**Extracted entries**
____________________

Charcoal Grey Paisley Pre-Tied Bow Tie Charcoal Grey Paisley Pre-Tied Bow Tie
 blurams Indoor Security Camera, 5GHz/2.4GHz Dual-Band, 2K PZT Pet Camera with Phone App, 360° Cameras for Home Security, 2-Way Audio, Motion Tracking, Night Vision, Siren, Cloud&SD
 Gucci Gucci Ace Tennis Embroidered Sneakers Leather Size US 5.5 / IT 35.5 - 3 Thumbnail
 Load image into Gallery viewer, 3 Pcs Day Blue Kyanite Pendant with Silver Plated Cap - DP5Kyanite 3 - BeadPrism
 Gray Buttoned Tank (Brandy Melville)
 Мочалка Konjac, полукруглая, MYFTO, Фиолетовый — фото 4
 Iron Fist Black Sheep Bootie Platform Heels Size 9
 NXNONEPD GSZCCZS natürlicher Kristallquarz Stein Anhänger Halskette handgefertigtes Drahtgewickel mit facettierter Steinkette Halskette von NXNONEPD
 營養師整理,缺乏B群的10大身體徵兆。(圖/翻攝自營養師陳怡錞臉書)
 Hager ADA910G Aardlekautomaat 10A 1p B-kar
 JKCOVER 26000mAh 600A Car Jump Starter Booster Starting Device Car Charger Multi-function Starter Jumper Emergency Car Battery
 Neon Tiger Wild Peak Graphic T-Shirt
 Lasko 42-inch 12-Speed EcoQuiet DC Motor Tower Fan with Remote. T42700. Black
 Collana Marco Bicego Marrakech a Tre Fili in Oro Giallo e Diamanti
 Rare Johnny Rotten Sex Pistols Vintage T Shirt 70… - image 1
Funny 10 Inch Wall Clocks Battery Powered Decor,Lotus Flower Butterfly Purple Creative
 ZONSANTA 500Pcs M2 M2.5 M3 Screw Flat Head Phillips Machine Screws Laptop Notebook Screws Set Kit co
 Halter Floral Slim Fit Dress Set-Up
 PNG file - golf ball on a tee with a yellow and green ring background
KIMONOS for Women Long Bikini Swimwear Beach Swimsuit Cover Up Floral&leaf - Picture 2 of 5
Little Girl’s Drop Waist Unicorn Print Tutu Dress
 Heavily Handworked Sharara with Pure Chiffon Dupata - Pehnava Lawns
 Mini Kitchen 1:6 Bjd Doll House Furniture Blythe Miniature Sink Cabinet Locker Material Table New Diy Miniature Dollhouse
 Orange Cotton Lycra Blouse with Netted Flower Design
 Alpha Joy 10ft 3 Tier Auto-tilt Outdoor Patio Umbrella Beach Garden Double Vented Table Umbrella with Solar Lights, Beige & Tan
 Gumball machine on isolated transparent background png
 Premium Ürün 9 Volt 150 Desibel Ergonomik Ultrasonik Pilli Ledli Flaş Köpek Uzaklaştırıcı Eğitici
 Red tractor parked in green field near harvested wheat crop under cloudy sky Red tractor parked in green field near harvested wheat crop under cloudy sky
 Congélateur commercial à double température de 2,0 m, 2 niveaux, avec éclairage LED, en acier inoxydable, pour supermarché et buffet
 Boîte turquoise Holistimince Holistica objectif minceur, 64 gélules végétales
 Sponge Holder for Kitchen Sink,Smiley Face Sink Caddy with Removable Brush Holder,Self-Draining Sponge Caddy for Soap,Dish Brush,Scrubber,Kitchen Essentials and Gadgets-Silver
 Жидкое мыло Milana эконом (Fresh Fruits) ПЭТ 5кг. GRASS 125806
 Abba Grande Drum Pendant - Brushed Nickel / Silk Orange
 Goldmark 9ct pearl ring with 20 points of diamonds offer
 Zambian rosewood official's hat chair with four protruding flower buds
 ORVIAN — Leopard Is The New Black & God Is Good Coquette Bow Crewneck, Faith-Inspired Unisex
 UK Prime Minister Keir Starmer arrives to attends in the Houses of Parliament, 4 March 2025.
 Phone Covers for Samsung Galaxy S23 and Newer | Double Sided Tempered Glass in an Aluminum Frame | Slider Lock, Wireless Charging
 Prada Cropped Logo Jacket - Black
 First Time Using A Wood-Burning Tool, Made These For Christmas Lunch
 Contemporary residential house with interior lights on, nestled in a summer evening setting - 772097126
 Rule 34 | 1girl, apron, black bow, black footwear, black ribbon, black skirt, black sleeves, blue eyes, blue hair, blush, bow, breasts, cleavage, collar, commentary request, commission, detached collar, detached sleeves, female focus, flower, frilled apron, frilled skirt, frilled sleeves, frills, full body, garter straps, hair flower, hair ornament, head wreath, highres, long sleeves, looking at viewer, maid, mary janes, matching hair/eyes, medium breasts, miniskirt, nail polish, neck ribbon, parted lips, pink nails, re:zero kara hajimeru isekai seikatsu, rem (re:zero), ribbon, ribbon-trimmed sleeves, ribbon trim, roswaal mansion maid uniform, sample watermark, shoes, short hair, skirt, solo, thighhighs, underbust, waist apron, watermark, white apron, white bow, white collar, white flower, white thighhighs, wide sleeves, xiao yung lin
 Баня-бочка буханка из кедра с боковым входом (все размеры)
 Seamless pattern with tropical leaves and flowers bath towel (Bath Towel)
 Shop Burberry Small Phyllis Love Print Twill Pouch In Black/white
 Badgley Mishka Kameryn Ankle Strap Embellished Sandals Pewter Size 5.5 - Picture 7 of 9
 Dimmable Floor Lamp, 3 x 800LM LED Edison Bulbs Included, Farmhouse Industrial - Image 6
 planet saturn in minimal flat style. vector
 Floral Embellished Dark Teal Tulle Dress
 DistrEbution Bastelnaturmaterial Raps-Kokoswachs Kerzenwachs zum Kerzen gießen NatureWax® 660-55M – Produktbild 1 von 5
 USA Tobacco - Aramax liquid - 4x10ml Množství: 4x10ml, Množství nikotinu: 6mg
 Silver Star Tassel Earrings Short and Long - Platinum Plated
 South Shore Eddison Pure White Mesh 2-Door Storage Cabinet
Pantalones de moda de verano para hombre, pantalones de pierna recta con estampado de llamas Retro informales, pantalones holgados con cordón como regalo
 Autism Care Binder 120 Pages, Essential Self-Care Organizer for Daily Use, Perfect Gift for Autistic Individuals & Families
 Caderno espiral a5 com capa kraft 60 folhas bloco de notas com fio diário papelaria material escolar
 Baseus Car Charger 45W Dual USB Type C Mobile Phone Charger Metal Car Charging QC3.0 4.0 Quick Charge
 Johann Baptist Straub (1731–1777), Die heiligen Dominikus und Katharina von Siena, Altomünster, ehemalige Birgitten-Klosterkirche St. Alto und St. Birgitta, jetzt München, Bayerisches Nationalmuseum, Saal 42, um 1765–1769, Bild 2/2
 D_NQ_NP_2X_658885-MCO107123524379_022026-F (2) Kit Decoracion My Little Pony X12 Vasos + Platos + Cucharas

____________________

**About this exercise**
In the material above, tally every line with the string "Silver" in it, then give that number alone.

**Solved exercise**
3